La Musique adoucie les moeurs

méditation

La musique à base d’intelligence artificielle arrive aux oreilles du grand public
La production de musique à base d’IA devrait rapidement se démocratiser.
Agence France-Presse
La musique à base d’intelligence artificielle (IA), longtemps cantonnée aux laboratoires, débarque sur les plateformes de streaming, les jeux vidéo et bientôt au cinéma, emmenée par une poignée de visionnaires.
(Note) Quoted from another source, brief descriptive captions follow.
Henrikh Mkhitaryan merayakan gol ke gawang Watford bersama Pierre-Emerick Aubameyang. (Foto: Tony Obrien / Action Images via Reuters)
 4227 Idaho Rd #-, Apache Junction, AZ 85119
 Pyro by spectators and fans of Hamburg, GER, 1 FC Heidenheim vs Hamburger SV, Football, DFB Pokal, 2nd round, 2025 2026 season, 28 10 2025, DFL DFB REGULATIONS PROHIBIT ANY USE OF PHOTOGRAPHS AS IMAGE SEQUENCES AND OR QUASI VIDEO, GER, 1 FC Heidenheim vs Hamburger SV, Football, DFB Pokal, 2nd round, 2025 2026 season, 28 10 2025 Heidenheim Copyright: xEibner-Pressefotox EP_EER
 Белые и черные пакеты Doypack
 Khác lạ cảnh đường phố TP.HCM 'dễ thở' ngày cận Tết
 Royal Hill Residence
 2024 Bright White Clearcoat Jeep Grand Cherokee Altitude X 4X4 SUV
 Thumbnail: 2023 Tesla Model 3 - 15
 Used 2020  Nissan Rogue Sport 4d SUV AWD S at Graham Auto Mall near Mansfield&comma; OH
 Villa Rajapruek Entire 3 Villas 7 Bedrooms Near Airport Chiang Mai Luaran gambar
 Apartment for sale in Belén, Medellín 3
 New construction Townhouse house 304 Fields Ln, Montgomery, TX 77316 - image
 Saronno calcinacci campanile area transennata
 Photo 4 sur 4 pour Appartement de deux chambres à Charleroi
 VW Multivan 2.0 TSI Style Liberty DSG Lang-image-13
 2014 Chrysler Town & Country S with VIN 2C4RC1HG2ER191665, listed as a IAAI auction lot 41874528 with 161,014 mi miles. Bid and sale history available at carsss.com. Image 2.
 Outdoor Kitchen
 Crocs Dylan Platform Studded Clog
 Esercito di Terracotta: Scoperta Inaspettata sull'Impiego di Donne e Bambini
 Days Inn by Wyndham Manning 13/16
Si dès les années 1970 le compositeur Pierre Boulez avait exploré cette idée avec les chercheurs de l’Ircam, l’Institut de recherche et coordination acoustique/musique qu’il a fondé, c’est aujourd’hui que les premiers morceaux parviennent aux oreilles du grand public.

La start-up luxembourgeoise Aiva a sorti ainsi en 2016 « Genesis », un premier album de musique symphonique fondé sur l’apprentissage profond (le deep learning).

« On a un algorithme, qu’on a nourri de musique classique, Bach, Beethoven, Mozart. A partir de ces 20 000 partitions, Aiva va se faire une idée de ce qu’est la musique, va effectuer une modélisation mathématique de ce style. Et ensuite on lui demande d’écrire des oeuvres originales » avec des critères précis, durée, tonalité, style etc…, explique à l’AFP Arnaud Decker, directeur marketing d’Aiva.

Mais ce sont des musiciens bien humains qui valident les morceaux créés par des algorithmes, ou les rejettent.

Aiva a aussi composé l’an dernier un morceau pour la fête nationale du Luxembourg. Cette commande du gouvernement a été interprétée par 150 musiciens et 80 choristes, une première pour un morceau généré par une intelligence artificielle, non sans créer quelques remous dans le Grand Duché.